Estudo estima 27 mil mortes até 2030 com impacto do teto de gastos na Saúde

Thiago Rodrigues
Por: Thiago Rodrigues
03/05/2019 às 14h00 Atualizada em 03/05/2019 às 14h00
Estudo estima 27 mil mortes até 2030 com impacto do teto de gastos na Saúde
Foto: Reprodução
Segundo o artigo, publicado no periódico BMC Medicine, os possíveis cortes de gastos federais para o programa Estratégia da Saúde da Família decorrentes da emenda constitucional 95/2016 (conhecida como "teto dos gastos") podem levar a 27,6 mil mortes evitáveis até 2030, um aumento de 5,8 % na mortalidade em comparação com o cenário atual. A emenda foi proposta pelo governo de Michel Temer e aprovada no Congresso em 2016.
Os pesquisadores simularam outro cenário, somando à redução no tamanho da população coberta pelo Estratégia da Saúde da Família a hipótese do eventual fim do programa Mais Médicos. Segundo essa projeção, a redução do Estratégia da Saúde da Família e um possível fim do Mais Médicos levariam a um aumento de 8,6% na mortalidade, o que representa cerca de 48,5 mil óbitos evitáveis entre 2017 e 2030.
A Estratégia da Saúde da Família e o Mais Médicos são dois importantes representantes no Brasil de políticas públicas de saúde da chamada "atenção primária", que valoriza um contato próximo e preventivo de profissionais da saúde com a população. Isto ocorre, por exemplo, com visitas rotineiras de médicos às casas dos pacientes. No caso do Estratégia da Saúde da Família, cada território com cerca de 4 mil pessoas recebe um conjunto com número mínimo de profissionais - médicos, enfermeiros, técnicos de enfermagem e especialistas e saúde bucal - e de equipamentos e ações educativas.
Por meio de modelos matemáticos complexos, os autores do artigo estimaram a mortalidade anterior aos 70 anos de idade e decorrente de causas consideradas sensíveis à atenção primária.
É o caso de doenças infecciosas, tais como febre amarela e sarampo, e deficiências nutricionais, como anemia e desnutrição.
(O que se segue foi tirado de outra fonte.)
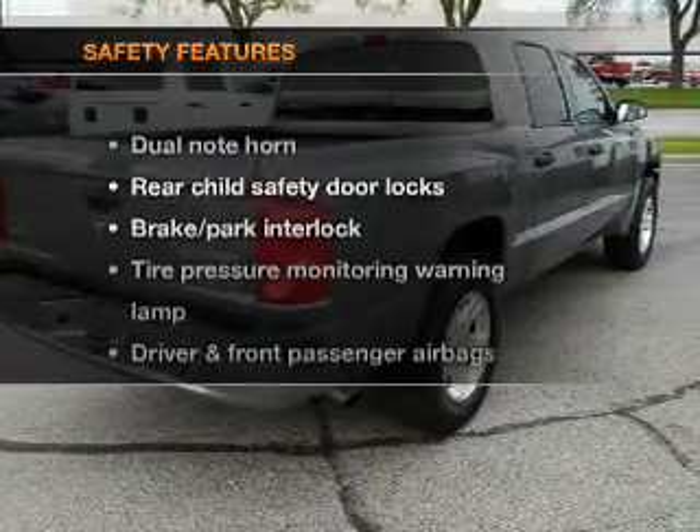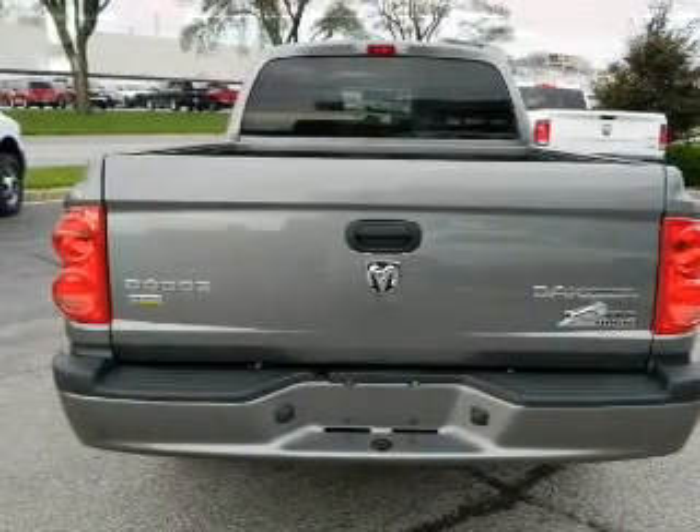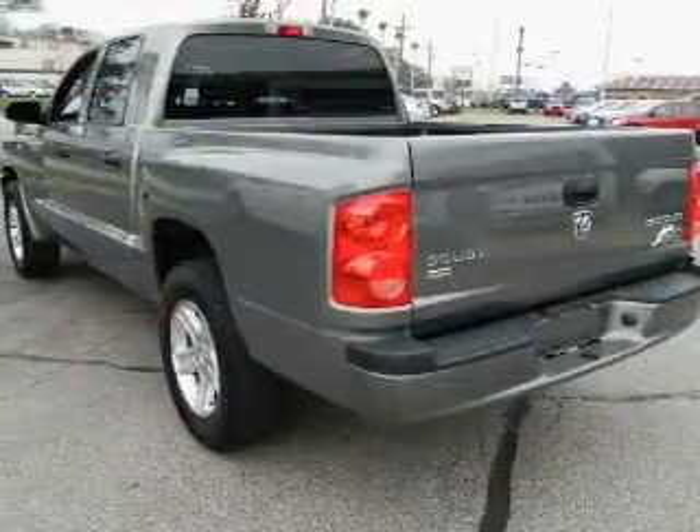If safety is a high priority, rest assured knowing that these top safety components are included: passenger airbag and low tire pressure warning. Call today to schedule a test drive.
Segundo o artigo, estes tipos de doenças e deficiências seriam os mais impulsionados com os cortes e afetariam as populações mais vulneráveis como, conforme apontam os autores, negros e aqueles que vivem em municípios mais pobres.
"A redução da cobertura da atenção básica nesses lugares tem efeitos maiores porque eles têm causas de mortalidade mais ligadas à pobreza", explica por telefone à BBC News Brasil Davide Rasella, pesquisador italiano que liderou o estudo. "São doenças e deficiências básicas que o sistema de atenção primária é mais capaz de resolver forma efetiva."